Ravert tandis la main, et les deux hommes se serrèrent l'avant-bras, à la manière des militaires de l'Hégémonie. Kenneth se sentit curieusement honoré, et il fit de son mieux pour afficher un air optimiste. En réalité, il avait l'impression d'avoir été condamné au moment où cette bête l'avait blessé. Il pouvait sentir ce mal progresser à l'intérieur de lui, comme si chaque cellule de son corps finissait par se faire dévorer. Il faisait tout son possible pour tenir la douleur à l'écart, pour garder la maîtrise de lui-même. Mais les encouragements de Ravert lui faisaient du bien, et il n'avait aucune envie de doucher ses certitudes. Même si tout au fond de lui, Kenneth avait accepté cette mission parce qu'il n'estimait plus avoir grand chose à perdre, de toute façon. Et il était bien décidé à faire tout son possible pour aider les autres passagers. Il se sentait investi d'une mission, et il s'agissait d'une mission qui comptait plus que tout.
-Alors, on y va ? fit-il, l'air décidé. Ravert lui lâcha le bras, puis hocha la tête.
-Passer devant, je vérifie derrière nous. On...
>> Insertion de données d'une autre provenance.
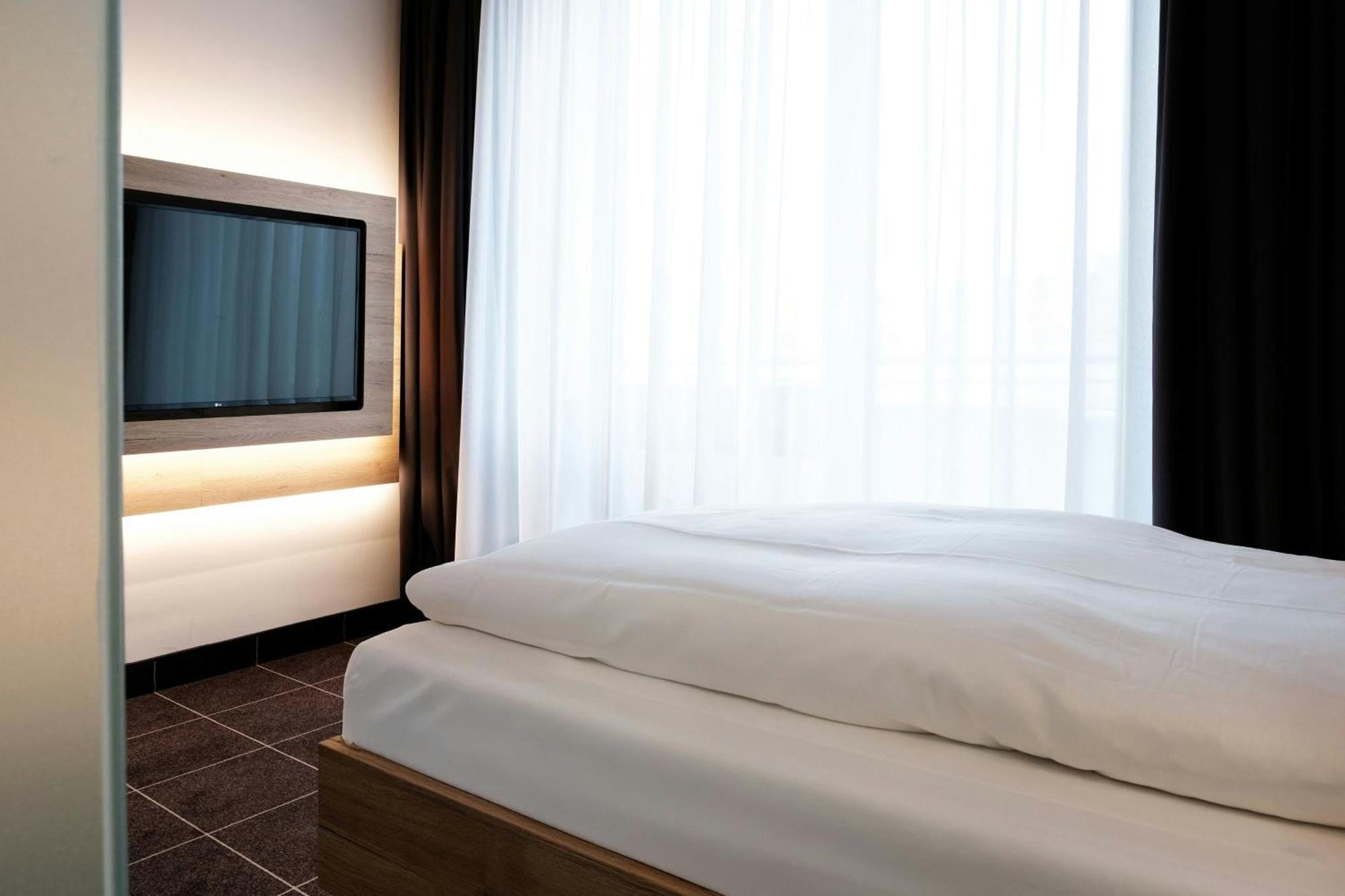 Four Ratingen Dusseldorf Airport Hotel Bagian luar foto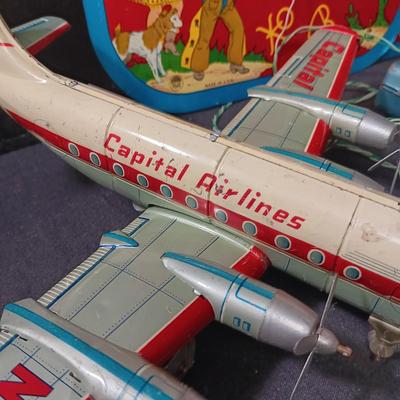 CAPITAL AIRLINES TIN LITHO TOY AIRPLANEE IN FAIR CONDITION AND 2 METAL CYMBALS? WITH GREAT GRAPHICS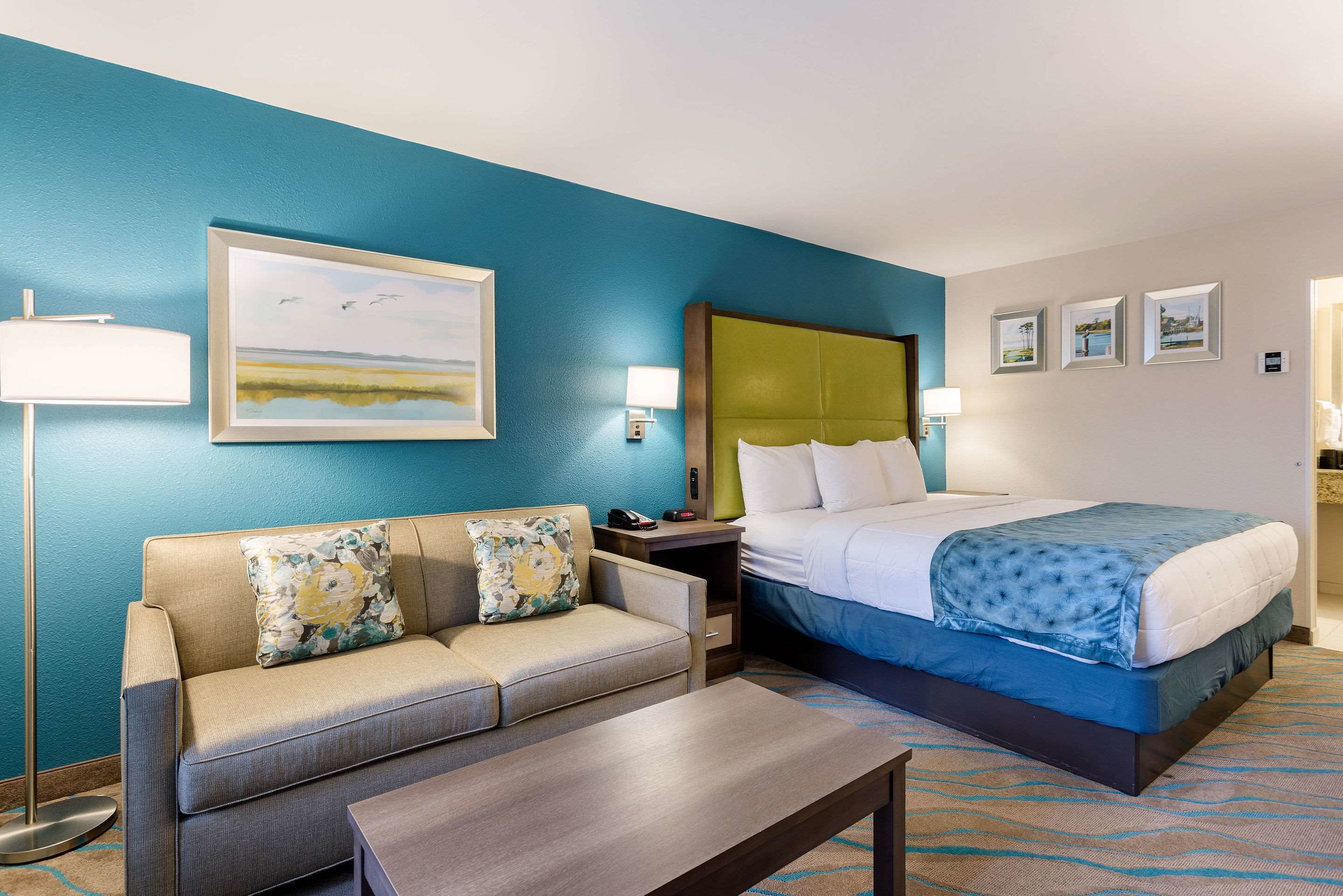 A hotel room with a bed, a sofa, a coffee table, and a painting on the wall.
Le silence se fit soudain, et Marsters sut que quelque chose n'allait pas sans même avoir besoin de tourner la tête. Il le fit néanmoins, pour découvrir le visage blême du soldat, qui fixait un des colis du wagon de marchandises qu'ils venaient de traverser. Le conteneur s'était renversé, sans-doute lors de l'arrêt forcé ou bousculé par une des créatures qui rôdaient à l'intérieur. Il s'agissait de plusieurs petits boîtiers noirs, semblables à des balises classiques. Si ce n'était celle qui clignotait d'une sinistre lueur rouge.
-Bon sang, poussez-vous !
Joignant le geste à la parole, Ravert poussa Marsters en avant, à travers le passage qui séparait le wagon. Et avant que Kenneth ne puisse lui demander ce qui se passait, Ravert poussait la porte derrière l'ingénieur, les séparant. Parce que Paul Ravert savait que sans la porte pour couper la route à ce qui allait suivre, tous deux n'arriveraient pas à courir assez loin pour se mettre à l'abri.
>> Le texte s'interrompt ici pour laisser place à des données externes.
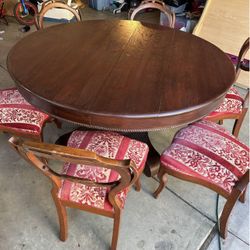 Antique Table On Chairs 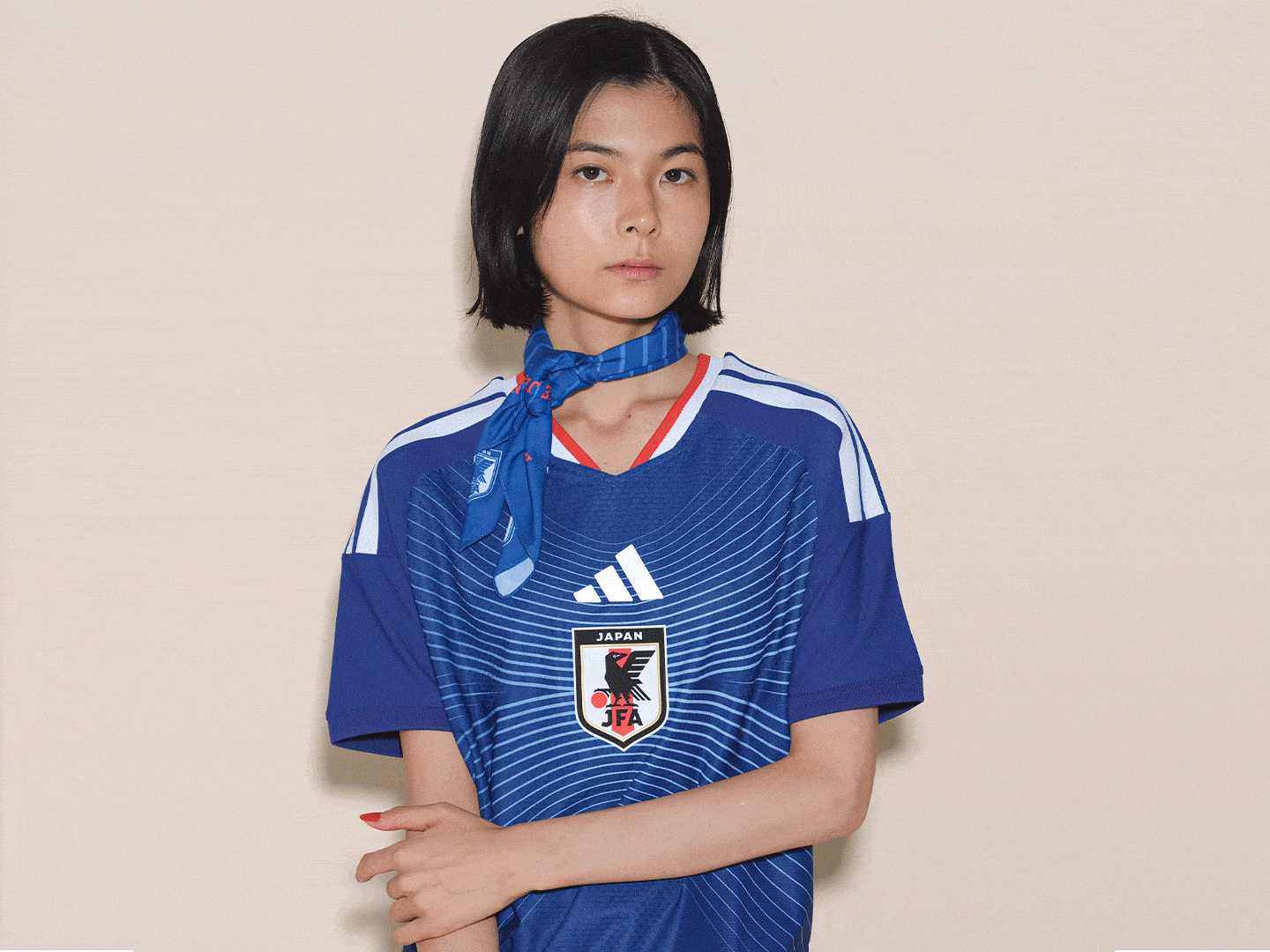 A young woman wearing a blue and white sports jersey stands against a plain beige background.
-Sungmin, murmura le soldat, avant de fermer la porte pour de bon sans répondre aux interrogations étonnées de Kenneth Marsters. Le soldat ferma les yeux, et sa dernière pensée fut pour son plus fidèle compagnon, le médecin au grand cœur qu'il avait rencontré pour ne plus jamais le quitter. Le wagon explosa, tuant instantanément Paul Ravert et, de l'autre côté de la porte, Kenneth Marsters poussa poussa un long cri.